The effect of pulse current changes in PCGTAW on microstructural evolution, drastic improvement in mechanical properties, and fracture mode of dissimilar welded joint of AISI 316L-AISI 310S stainless steels

Abstract

In this paper, the effect of pulse current changes in the Pulsed Current Gas Tungsten Arc Welding (PCGTAW) on the various properties of dissimilar welding of AISI 316L-AISI 310S stainless steels was investigated. 10 mm thickness steel sheets were joined by the PCGTAW process with the background current (Ib) of 55, 70 and 85A, as well as the peak current (Ip) of 110, 130 and 150A. Then, optical microscopy (OM) and Field Emission Scanning Electron Microscopy (FE-SEM) techniques were used to study the microstructural evolution in different areas of the welded joints.

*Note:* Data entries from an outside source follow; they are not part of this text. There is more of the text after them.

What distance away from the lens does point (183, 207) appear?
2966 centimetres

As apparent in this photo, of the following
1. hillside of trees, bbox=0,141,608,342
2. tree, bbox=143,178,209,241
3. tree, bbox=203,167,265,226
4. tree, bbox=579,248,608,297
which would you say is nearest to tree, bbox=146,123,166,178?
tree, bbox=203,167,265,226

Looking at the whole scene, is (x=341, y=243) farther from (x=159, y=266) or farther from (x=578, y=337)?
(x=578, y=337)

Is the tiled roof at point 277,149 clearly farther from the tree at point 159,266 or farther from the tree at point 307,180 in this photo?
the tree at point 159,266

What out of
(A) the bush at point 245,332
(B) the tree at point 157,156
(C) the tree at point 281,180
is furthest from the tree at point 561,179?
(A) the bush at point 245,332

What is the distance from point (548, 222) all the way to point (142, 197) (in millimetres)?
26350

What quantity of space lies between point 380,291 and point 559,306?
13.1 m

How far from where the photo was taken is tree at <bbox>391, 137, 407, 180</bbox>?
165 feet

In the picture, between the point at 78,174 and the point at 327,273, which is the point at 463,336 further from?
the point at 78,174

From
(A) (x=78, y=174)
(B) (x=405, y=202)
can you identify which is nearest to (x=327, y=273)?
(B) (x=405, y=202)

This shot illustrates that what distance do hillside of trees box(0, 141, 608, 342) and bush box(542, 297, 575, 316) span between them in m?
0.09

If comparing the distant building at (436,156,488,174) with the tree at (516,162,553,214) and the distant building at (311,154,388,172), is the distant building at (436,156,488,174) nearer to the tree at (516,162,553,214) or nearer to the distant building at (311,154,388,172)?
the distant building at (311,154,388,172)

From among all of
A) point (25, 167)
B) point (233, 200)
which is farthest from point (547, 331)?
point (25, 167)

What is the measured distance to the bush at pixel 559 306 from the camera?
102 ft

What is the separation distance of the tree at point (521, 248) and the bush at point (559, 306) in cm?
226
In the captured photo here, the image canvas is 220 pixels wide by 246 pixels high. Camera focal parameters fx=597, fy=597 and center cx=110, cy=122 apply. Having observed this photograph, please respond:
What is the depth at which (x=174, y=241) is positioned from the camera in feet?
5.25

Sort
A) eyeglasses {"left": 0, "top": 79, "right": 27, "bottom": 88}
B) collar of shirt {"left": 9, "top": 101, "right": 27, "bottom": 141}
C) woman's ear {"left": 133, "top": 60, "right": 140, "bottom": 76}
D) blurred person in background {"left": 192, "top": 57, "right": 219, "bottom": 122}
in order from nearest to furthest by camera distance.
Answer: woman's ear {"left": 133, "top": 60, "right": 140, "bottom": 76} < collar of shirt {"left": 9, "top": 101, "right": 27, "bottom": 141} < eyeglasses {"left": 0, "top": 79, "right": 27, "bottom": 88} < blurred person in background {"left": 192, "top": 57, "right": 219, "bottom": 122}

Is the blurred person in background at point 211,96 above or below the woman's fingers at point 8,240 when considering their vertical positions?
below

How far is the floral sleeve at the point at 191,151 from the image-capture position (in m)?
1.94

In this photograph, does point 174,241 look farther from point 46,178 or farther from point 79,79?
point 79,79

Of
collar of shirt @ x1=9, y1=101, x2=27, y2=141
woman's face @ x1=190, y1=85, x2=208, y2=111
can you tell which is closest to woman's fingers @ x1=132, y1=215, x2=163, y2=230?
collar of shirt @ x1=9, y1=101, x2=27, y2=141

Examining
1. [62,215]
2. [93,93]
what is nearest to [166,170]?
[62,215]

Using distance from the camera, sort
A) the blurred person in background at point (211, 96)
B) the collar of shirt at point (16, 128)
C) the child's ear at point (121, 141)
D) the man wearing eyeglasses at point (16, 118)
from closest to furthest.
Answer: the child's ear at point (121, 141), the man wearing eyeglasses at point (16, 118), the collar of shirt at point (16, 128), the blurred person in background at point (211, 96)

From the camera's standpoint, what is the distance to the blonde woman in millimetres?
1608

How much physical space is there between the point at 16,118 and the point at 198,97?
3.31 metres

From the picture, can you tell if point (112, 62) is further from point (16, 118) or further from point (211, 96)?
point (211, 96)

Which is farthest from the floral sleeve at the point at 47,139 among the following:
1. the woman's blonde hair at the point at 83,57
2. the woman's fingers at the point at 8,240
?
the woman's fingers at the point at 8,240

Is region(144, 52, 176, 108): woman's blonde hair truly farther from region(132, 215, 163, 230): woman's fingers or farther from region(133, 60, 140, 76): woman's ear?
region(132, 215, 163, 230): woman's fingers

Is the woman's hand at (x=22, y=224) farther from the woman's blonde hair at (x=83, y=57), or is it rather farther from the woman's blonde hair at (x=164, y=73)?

Also, tensile, Charpy impact and Vickers microhardness tests were used to evaluate the effect of the pulsed current changes on mechanical properties. Finally, the fracture surfaces of Charpy impact and tensile tests samples were studied by FE-SEM. The weld metal (WM) microstructure consisted of austenite dendrites together with a low amount of delta ferrite in the grain-boundaries. Results also showed that by increasing Ib and decreasing Ip, the microstructure of the WM was changed from columnar dendritic to coaxial, and a very fine, dendritic one. This condition led to the reduction of the size of the dendrites and the amount of delta ferrite ingrain boundaries of the WM, as well as a reduction in the width of Unmixed Zone (UMZ) area. Moreover, all the welded joints were fractured from the AISI 316L stainless steels side. However, the results of the Charpy impact and microhardness tests showed that with the above variation in the welding parameters, hardness value and fracture energy of the WM increased significantly. Fractography of the surfaces showed a completely ductile fracture for both tensile and Charpy impact tests samples.